Step 3: Prep All The Materials Needed
Once you’re ready to get started with patching up and repairing that hole in your car’s plastic gas tank, you can gather the necessary materials and tools:
- Epoxy putty or a plastic welding kit
- Sandpaper (medium grit)
- Clean cloths
- Rubbing alcohol
- Protective gear (gloves, safety glasses)
Step 4: Locating And Cleaning The Hole
Once you’ve located the hole, the areas around it must be prepared. That involves cleaning to remove any dirt, grease, or fuel residue. You can use a cloth dampened with rubbing alcohol for effective cleaning.
After cleaning, use some sandpaper to roughen the surface around the hole. This step is vital as it helps in creating a better bond between the gas tank material and the repair material.

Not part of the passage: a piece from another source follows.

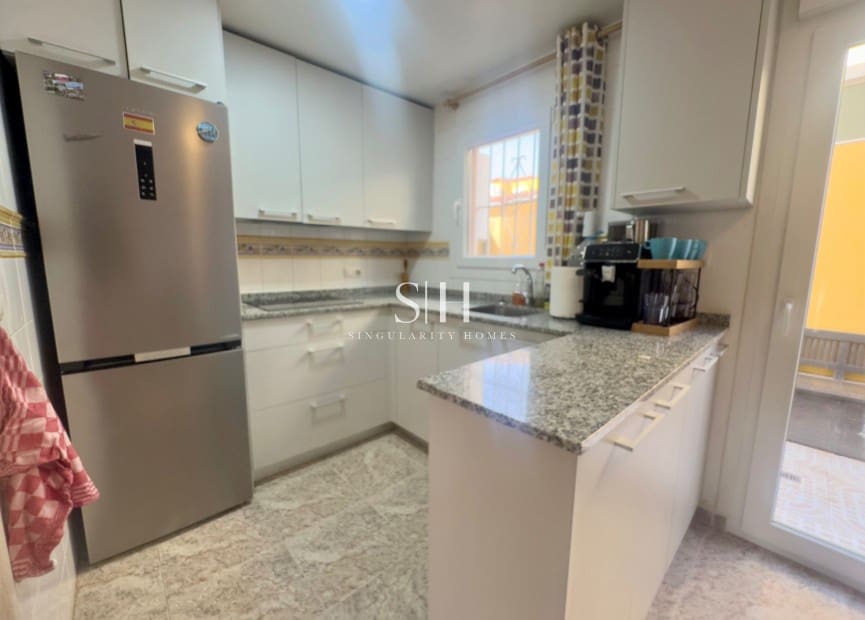 2 soveværelse Byhus til salg i La Regia med swimmingpool garage - € 219.900 (Ref: 9572195)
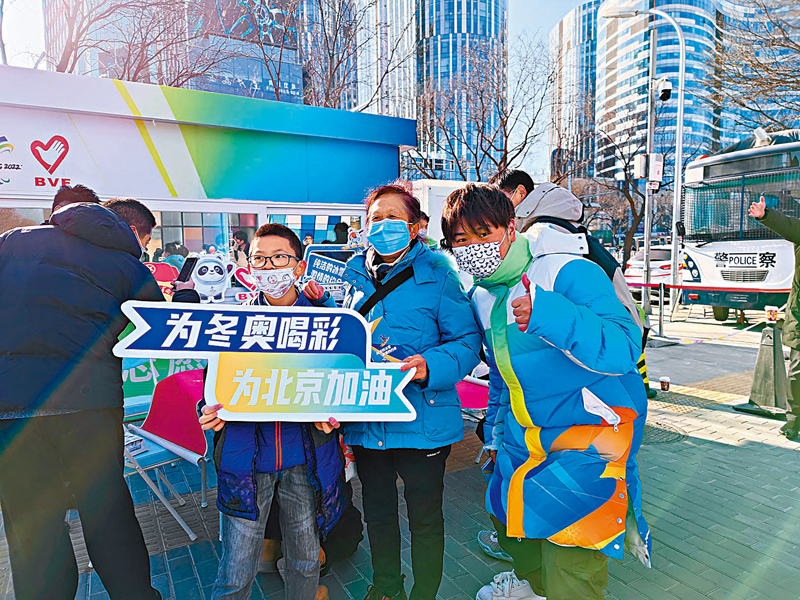 ◆ 港青廖瑞華為民眾提供志願服務後合影。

Begin sanding in a circular motion, and extending a few inches beyond the hole. Next up, we can begin the fix, with one of two methods: Step 5a) using epoxy putty, or Step 5b) using plastic weld, instead.

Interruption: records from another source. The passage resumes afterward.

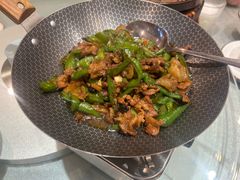 -辛香味烧鱼馆·非遗技艺·排骨红烧肉(光谷医药园店)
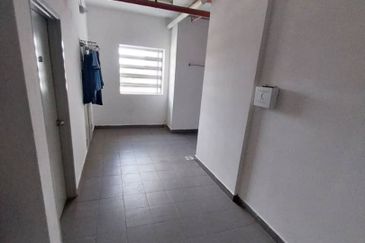 LODGE RESIDENCE (LAMAN UNIVERSITI)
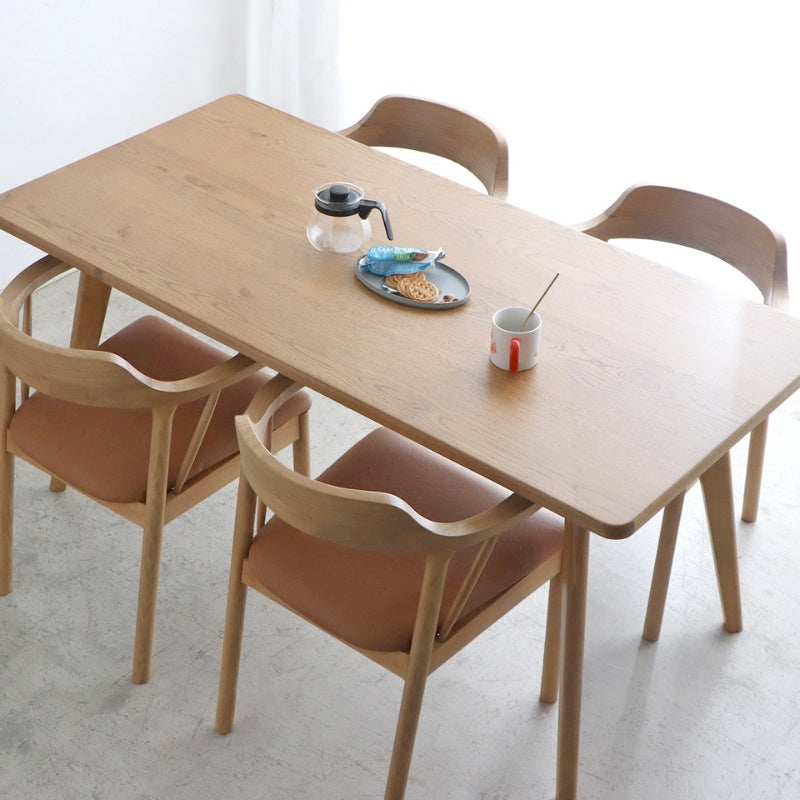 ダイニングテーブル 角丸デザインでお子様も安心 オーク材の温もりが家族を包む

Step 5a: Applying Some Epoxy Putty
First up, you’ll need to mix the epoxy putty. Epoxy putty typically comes in a two-part formula that needs to be mixed. Knead it with your fingers until it achieves a consistent color and texture.
This indicates that the hardener and resin are now well combined. With that done, you can apply the mixed epoxy putty over the hole in your plastic gas tank.

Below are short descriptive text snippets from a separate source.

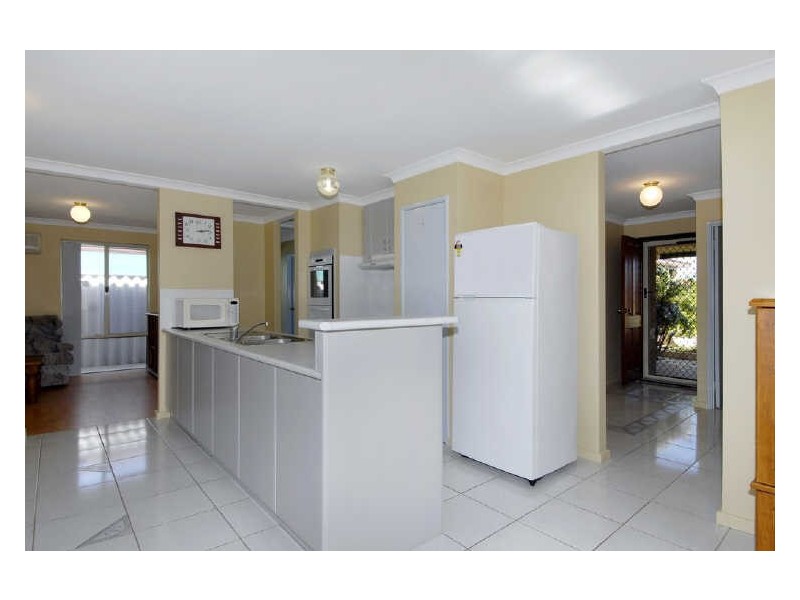22 Sennet Lane, Warnbro WA 6169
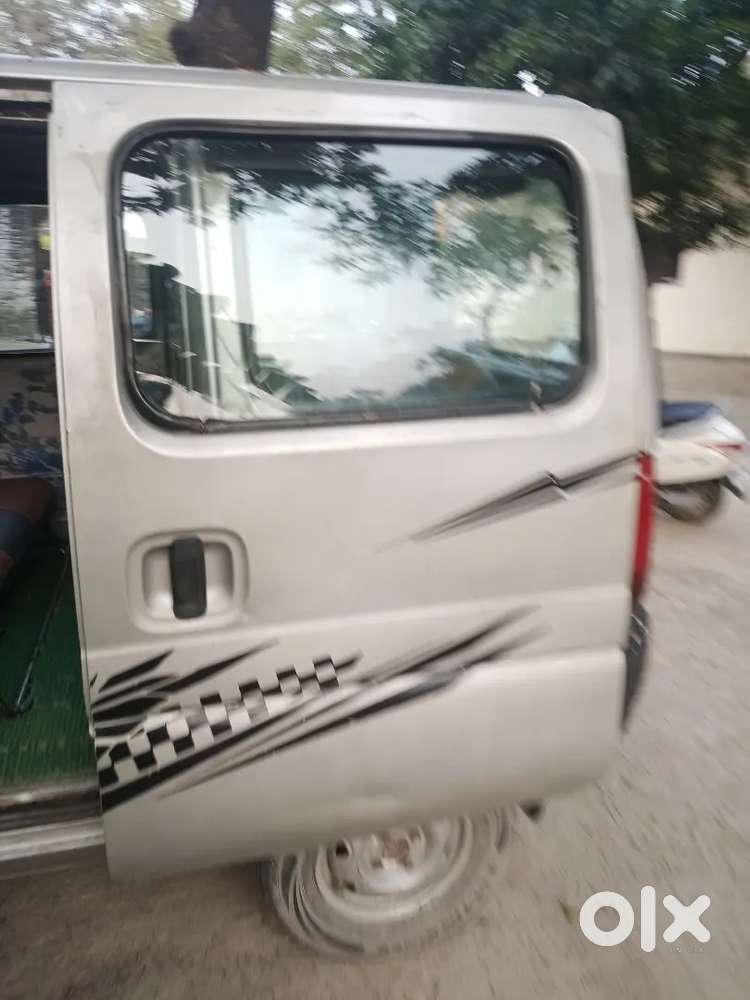 Maruti Suzuki Eeco 2011 Cng & Hybrids 80000 Km Driven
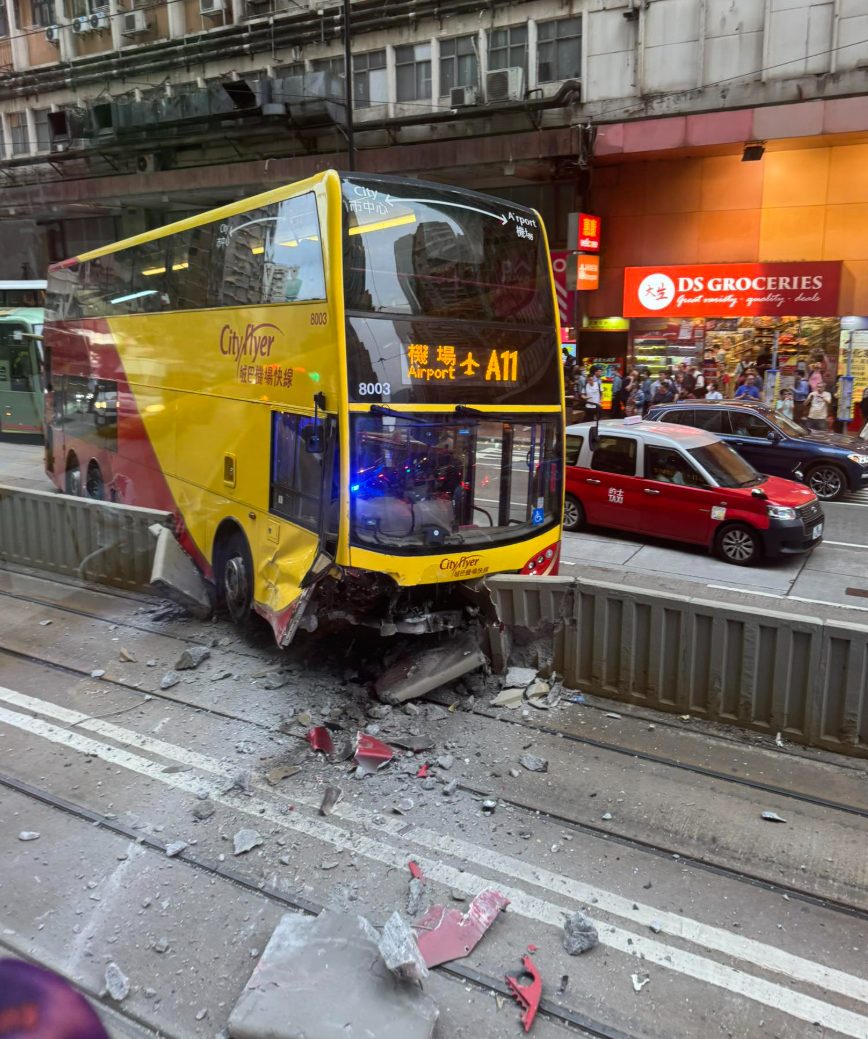 一輛往機場的A11路線雙層城巴,沿英皇道西行駛至北角新都城對開時懷疑失控撞毀石壆,巴士右邊車頭毀爛,石壆碎片彈落電車路軌(北角有樂FB)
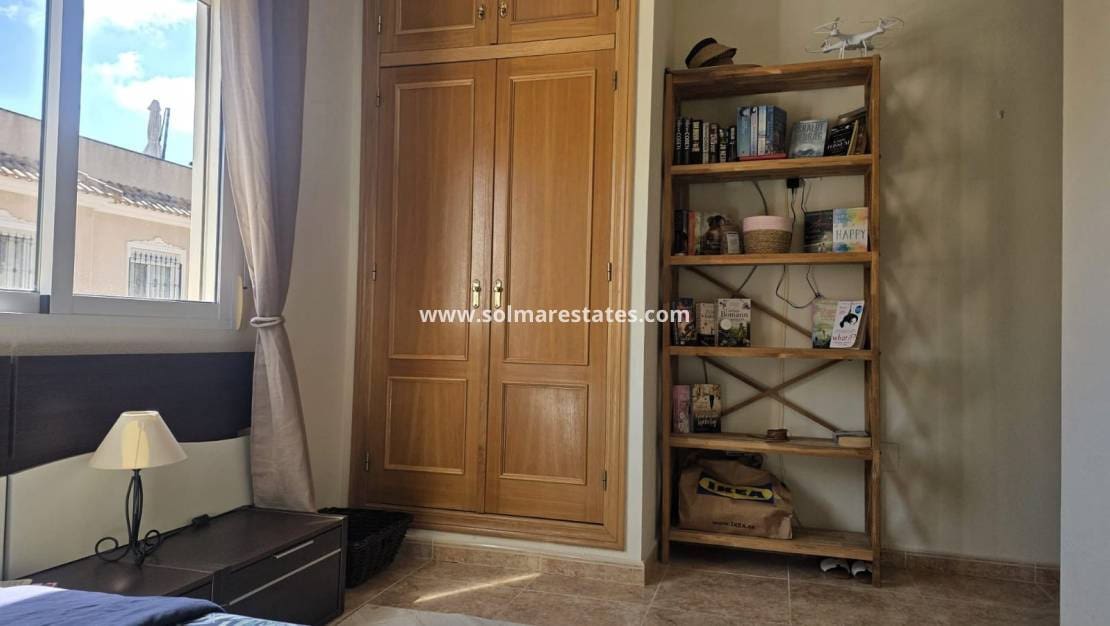 Pareado de 3 habitaciones en Villamartin en venta con piscina - 285.000 € (Ref: 9818742)
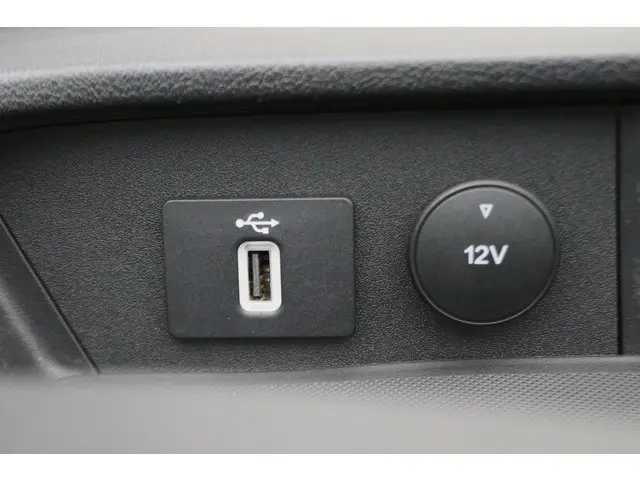 Ford Transit Custom 300 2.0 TDCI L2H1 DC 2020 Diesel 50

Press the epoxy putty firmly into place onto the hole, ensuring it extends beyond the edges of the hole. The goal is to create a seal that completely covers the damaged area and hole.
Finally, smooth out the edges of the epoxy putty with your fingers or using a tool, blending it into the tank’s surface. If you don’t have epoxy putty, there is an alternative method…
Step 5b: Using A Plastic Weld Kit
For plastic welding, you’ll need a specialized welding tool and a compatible plastic welding rod. Heat both the welding rod and the area around the hole in your gas tank.
The key is to melt them enough to fuse together without burning the plastic. Apply the molten welding rod over the hole, ensuring that it fully covers and adheres to the tank’s surface.
Move steadily, while maintaining consistent heat to create a strong bond. As you keep welding, the plastic rod should melt and merge with your plastic gas tank, filling the hole completely.
Remember, be cautious when working with a welding kit, especially given that you’re welding on your car’s gas tank. Once you’re done welding or applying the epoxy putty, leave it to cure…
Step 6: Final Curing And Finishing
Different repair materials have varying curing times. Refer to the product instructions for the specific time required. During this curing period (either using the epoxy or weld kit), avoid moving or using the tank.
Ensure that the repair is fully cured before refilling the fuel tank with gas. Once it’s cured, you might notice some rough edges or excess material on your car’s plastic gas tank, such as residual epoxy putty.
Use sandpaper to smooth these out, achieving a finish that blends nicely with the rest of your gas tank. For aesthetic purposes, you can apply paint that’s compatible with plastic surfaces, though this is optional.
Step 7: Testing For Any Leaks
Last but not least, before you call this a job well done, it’s advisable to test for any leaks. You can do this by applying soapy water around the repaired area and watching for bubbles when the tank is filled.
So, proceed by filling the gas tank with a small amount of fuel to check for any seepage. If the repair holds, you’ve successfully patched the hole. Within the next few days, continue to inspect for any leaks.